# REQUIRED WORK
Copy only the lines from the one containing "Earlier, all transactions" through the final line of the records below, exactly as written, with no pictures.

Content starts

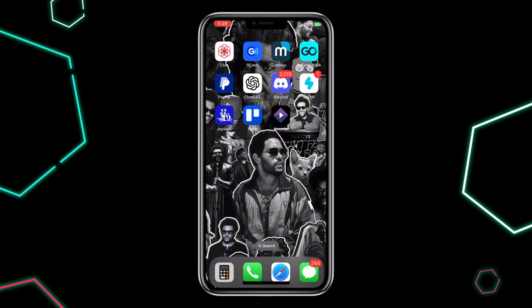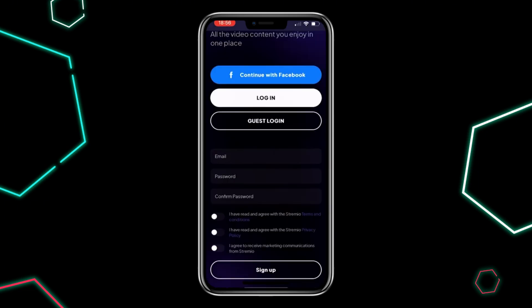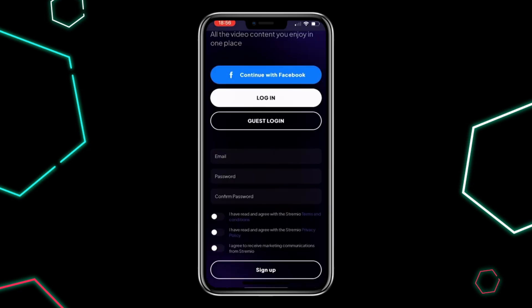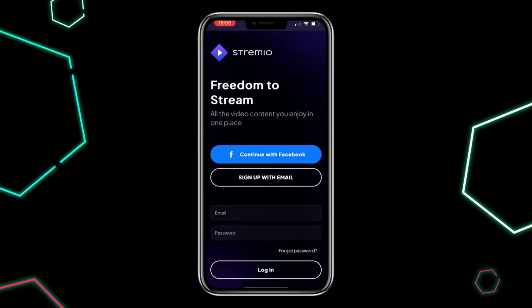Once it's installed, open the Streamio app on your iPhone. If you are new to Streamio, sign up for a new account, and if you already have an account, just log in using your credentials.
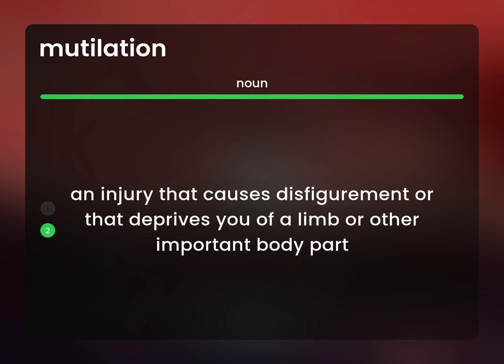An injury that causes disfigurement or that deprives you of a limb or other important body part.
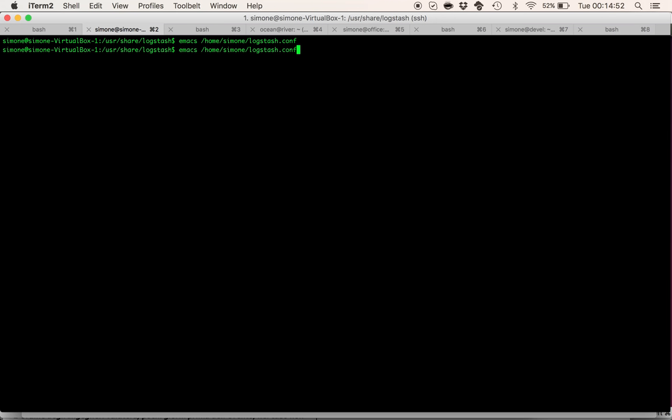So let's start our Logstash instance using the configuration file we have just seen.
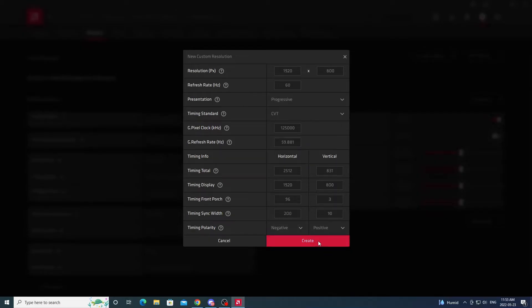Then you hit Create and we'll be ready to launch Albion, switch our resolution, and see the difference. I'll jump ahead to that now.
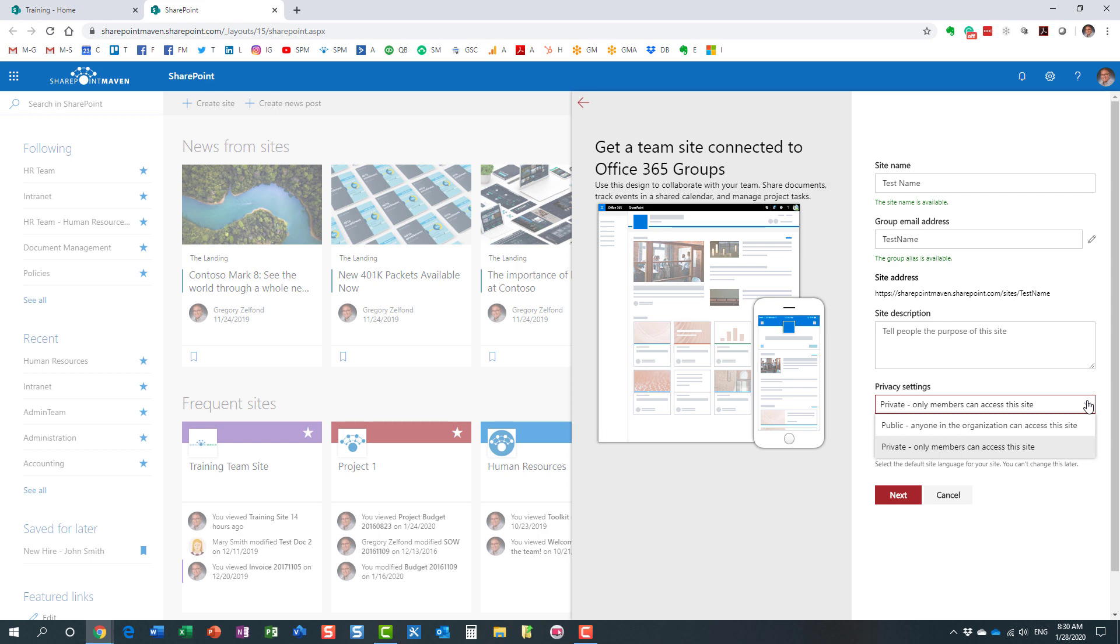When you create a private site, essentially what that means is that I, as a group owner, have to let you in. You cannot just join or see any content on the site or any other applications. You cannot chat with Teams or access the calendar unless I invite you in and make you a member.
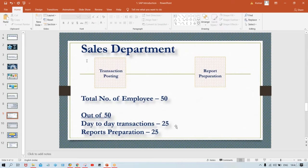Earlier, all transactions were maintained in physical registers. Now those same registers are converted into digital registers — instead of maintaining transactions physically, they are recorded in SAP. This is what we call digital registers.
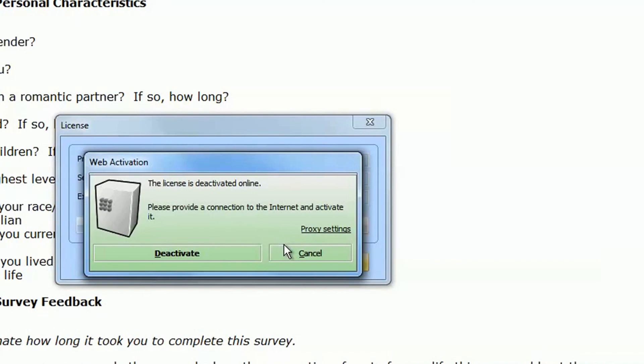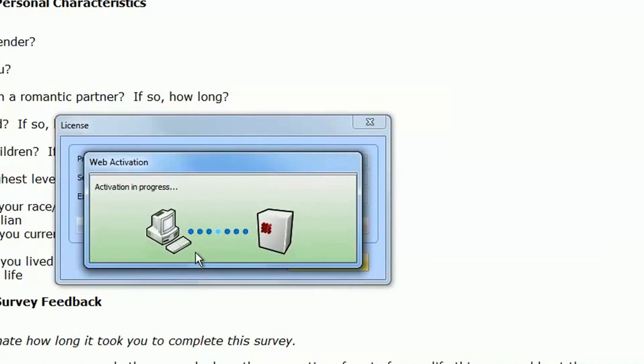If you click the deactivate button in the new window, the license will automatically be deactivated online.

Content ends

# EXPECTED ANSWER
Earlier, all transactions were maintained in physical registers. Now those same registers are converted into digital registers — instead of maintaining transactions physically, they are recorded in SAP. This is what we call digital registers.
If you click the deactivate button in the new window, the license will automatically be deactivated online.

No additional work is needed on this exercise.